Я писал их быстро и увлеченно, иногда останавливаясь, чтобы переписать некоторые места, и мне никогда не приходило в голову, откуда они приходят, или чем структура хорошего рассказа отличается от структуры романа, и какие есть особенности разработки персонажей, предысторий и временных рамок. Я летал над сидением, не нуждаясь ни в чем, кроме интуиции и своей детской самоуверенности. Мне нужно было только, чтобы они приходили. Я волновался только об этом. Естественно, мне никогда не приходило в голову, что написание рассказов – это хрупкое искусство, которое может забыться, если не пользоваться им постоянно. И себя я тоже не чувствовал хрупким. Напротив, многие рассказы были похожи на бульдозеры.
Многие наиболее продаваемые романисты Америки не пишут рассказов. Не думаю, что это вопрос денег; финансово успешные писатели не думают об этой стороне дела. Может быть, когда мир писателей, зарабатывающих исключительно романами, уменьшается до, скажем, семидесяти тысяч слов, у них начинается что-то вроде клаустрофобии. Или может эта миниатюризация просто сбивает их с пути. В жизни много вещей, напоминающих езду на велосипеде, но написание рассказов к ним не относится. Писать рассказы можно и разучиться.
Пока проходили восьмидесятые и девяностые, я писал все меньше и меньше рассказов, и некоторые из них становились все длиннее и длиннее (пара таких длинных есть и в этой книге). Это было хорошо. Но есть и такие рассказы, которые я не написал, потому что нужно было заканчивать какой-нибудь роман, и вот это уже не хорошо. Я чувствовал, как эти истории плачут в дальнем углу моей головы, чтобы их написали. Некоторые до сих пор там; другие, с грустью это сознаю, умерли и улетели подобно пыли.

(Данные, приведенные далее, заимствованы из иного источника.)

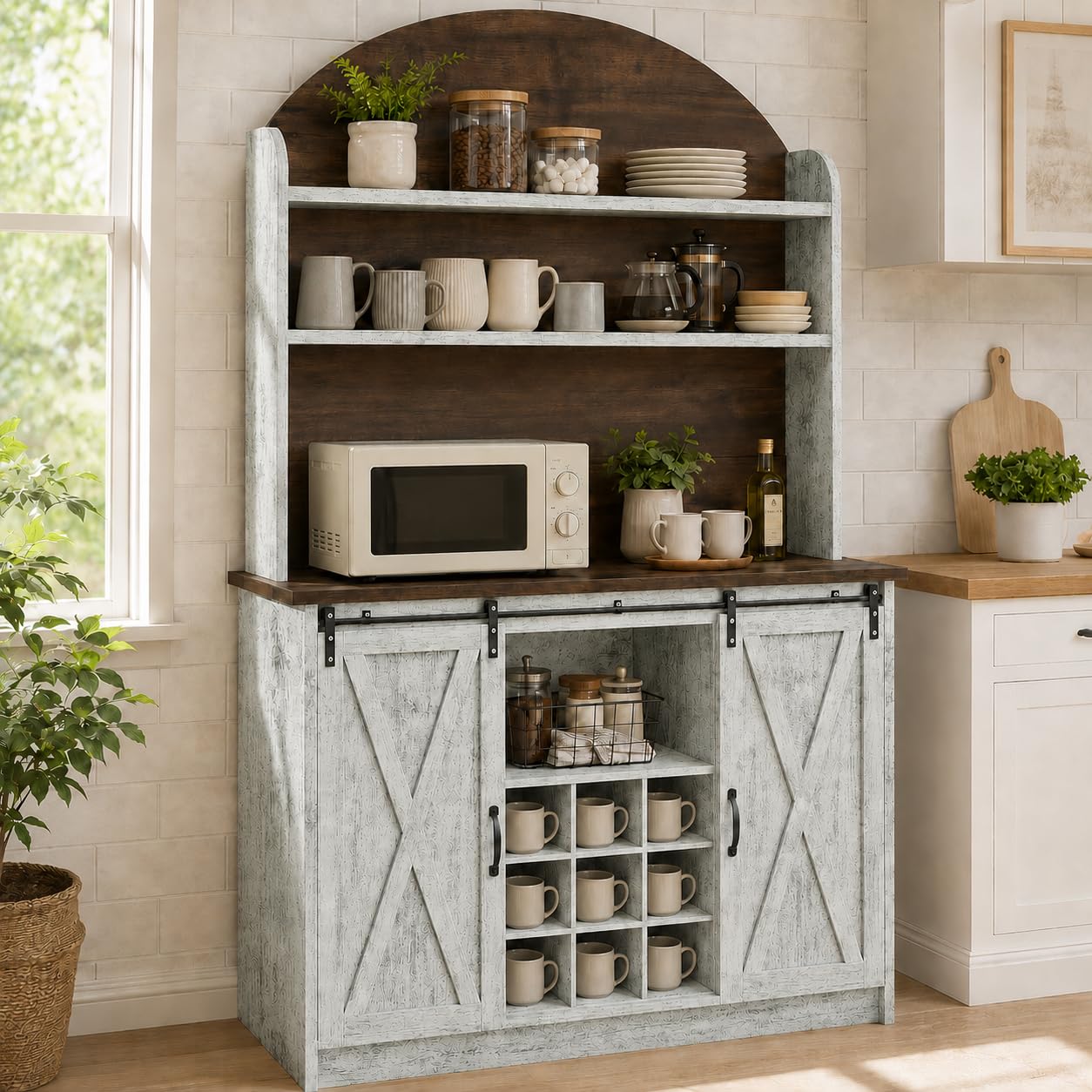 4 EVER WINNER 67-Inch Farmhouse Coffee Bar Cabinet with Storage, Grey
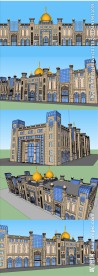 伊斯兰酒店建筑草图大师SU模型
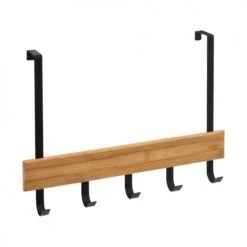 Five Simply Smart Portemanteaux Et Patères Portemanteau De Porte En Bambou Et Métal Noir - 40x2x29.8cm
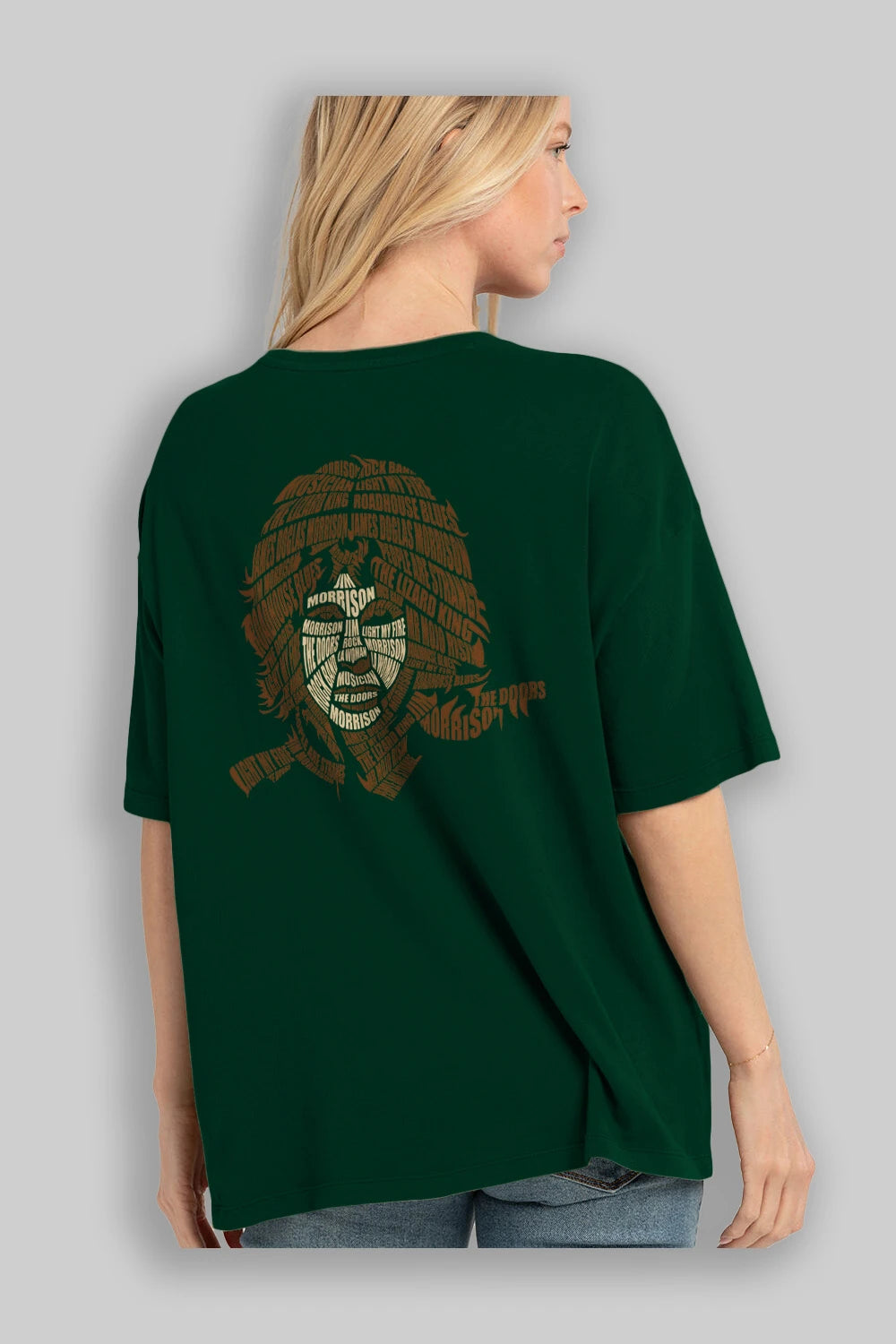 Jim Morrison Calligram Arka Baskılı Oversize t-shirt %100 pamuk Erkek Kadın Unisex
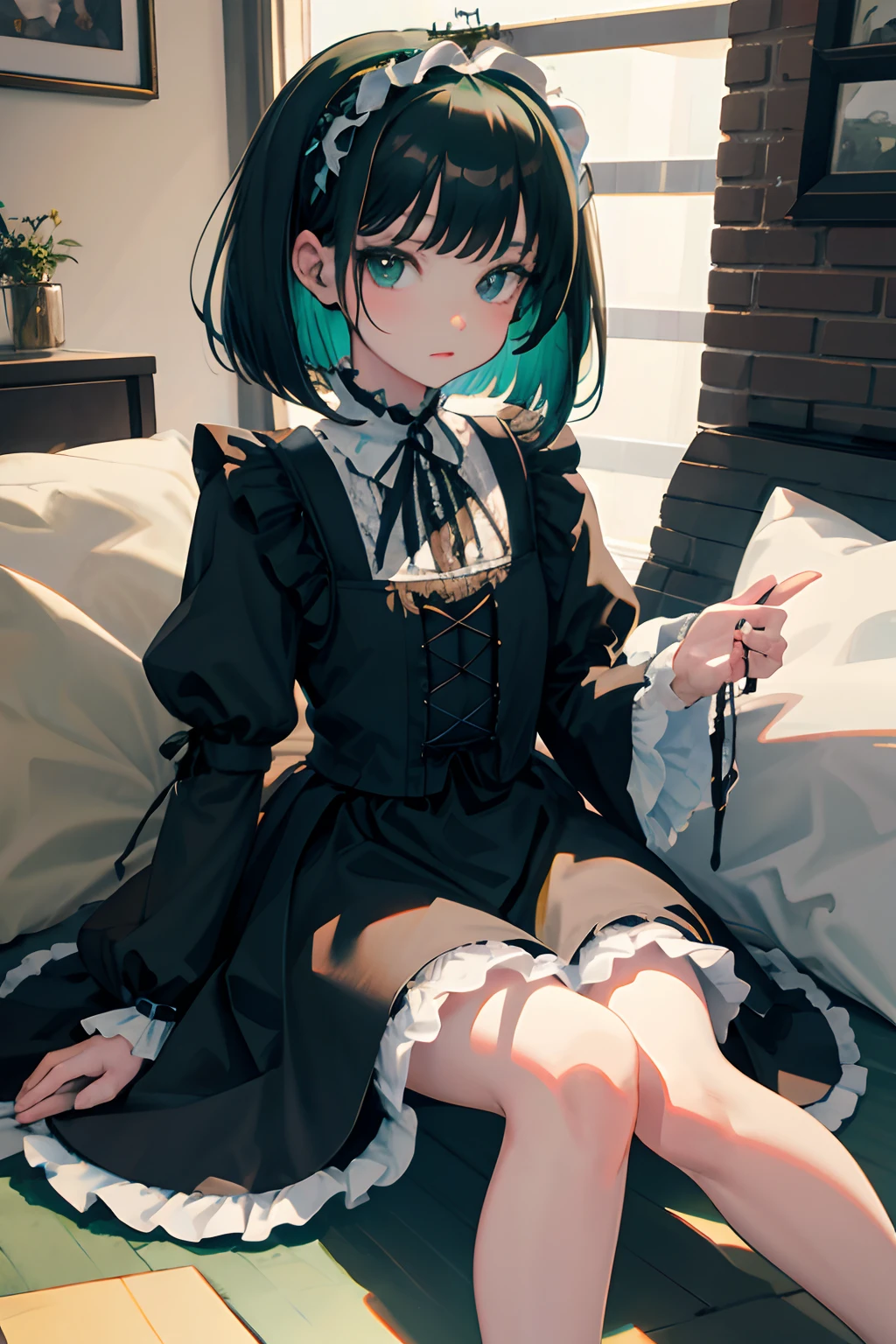 Holding your knees，sitting down on the floor，，（​masterpiece，Highest Quality），Blue-green Gothic Lolita，A dark-haired，Medium bob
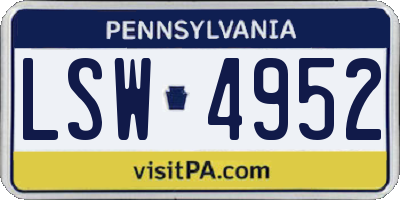 PA license plate LSW4952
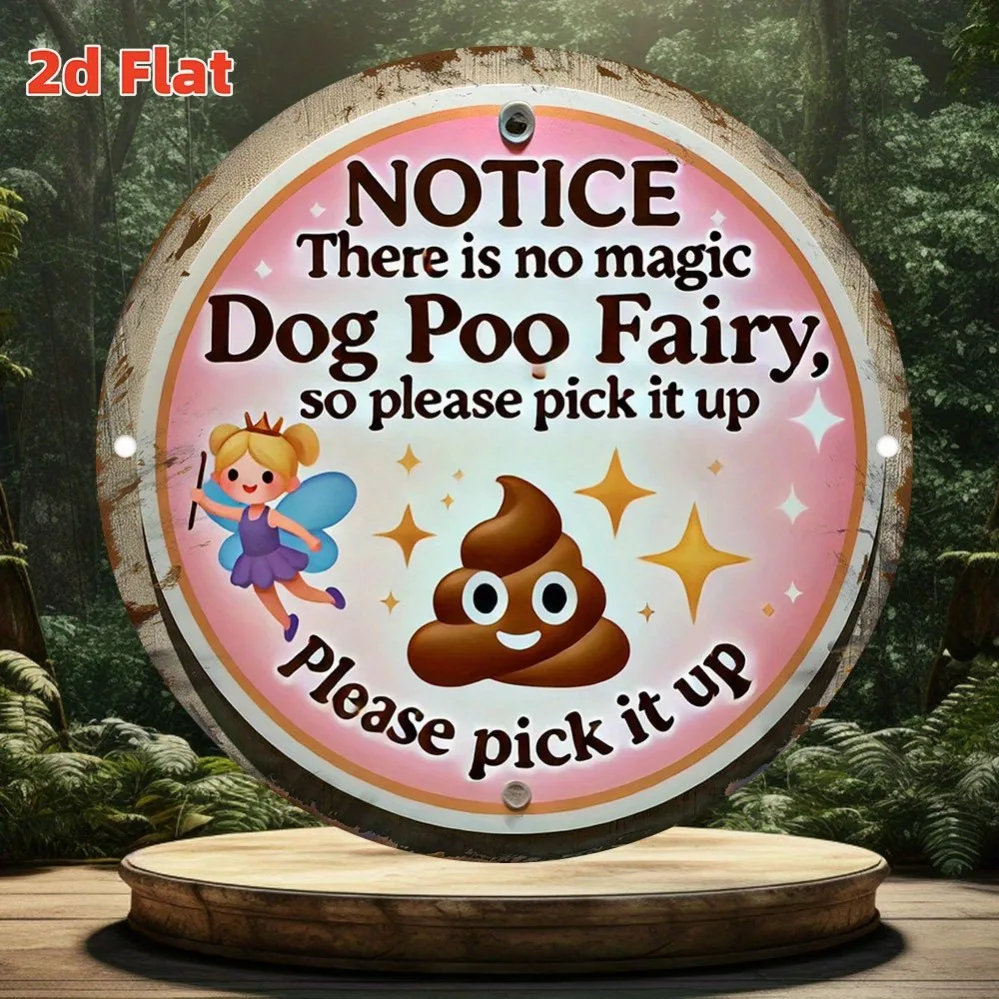 

Vintage Fairy Tale "Please Pick Up the Dog Poop" Metal Tin Sign - Waterproof & Dustproof Aluminum Wall Plaque with Girl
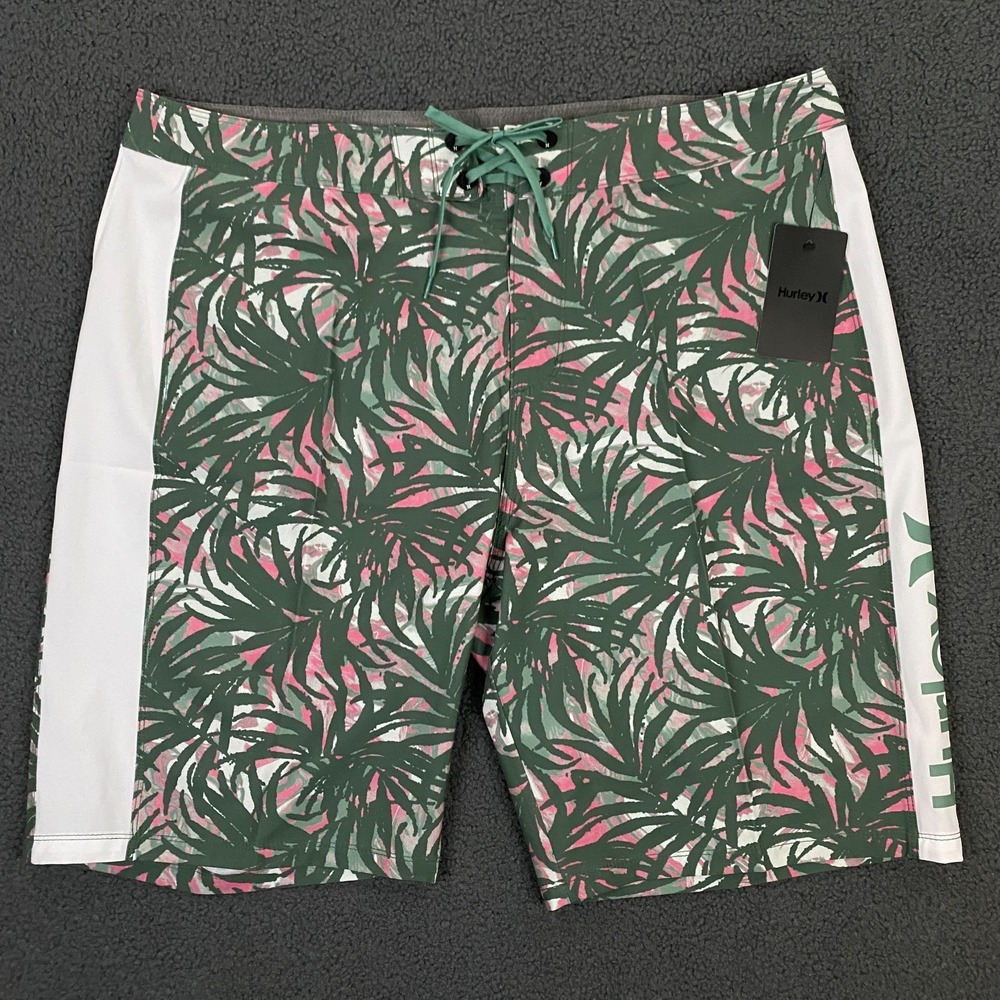 Hurley Tropical Escape AOP Swim Board Short Mens 36 Pink Green Floral Stretch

Самое плохое, что среди них есть истории, которые я уже не помню, как писать, и это пугает. Я знаю, что мог написать их в своей прачечной, на портативной «Оливетти» Тэбби, но даже если мое было мастерство отточено и в качестве инструмента у меня был Макинтош, и писал я ночью, эти истории все же ускользнули от меня. Я помню, как думал о стареющем изготовителе мечей, беспомощно глядя на отличное лезвие Толедо, и что раньше я знал, как это делается.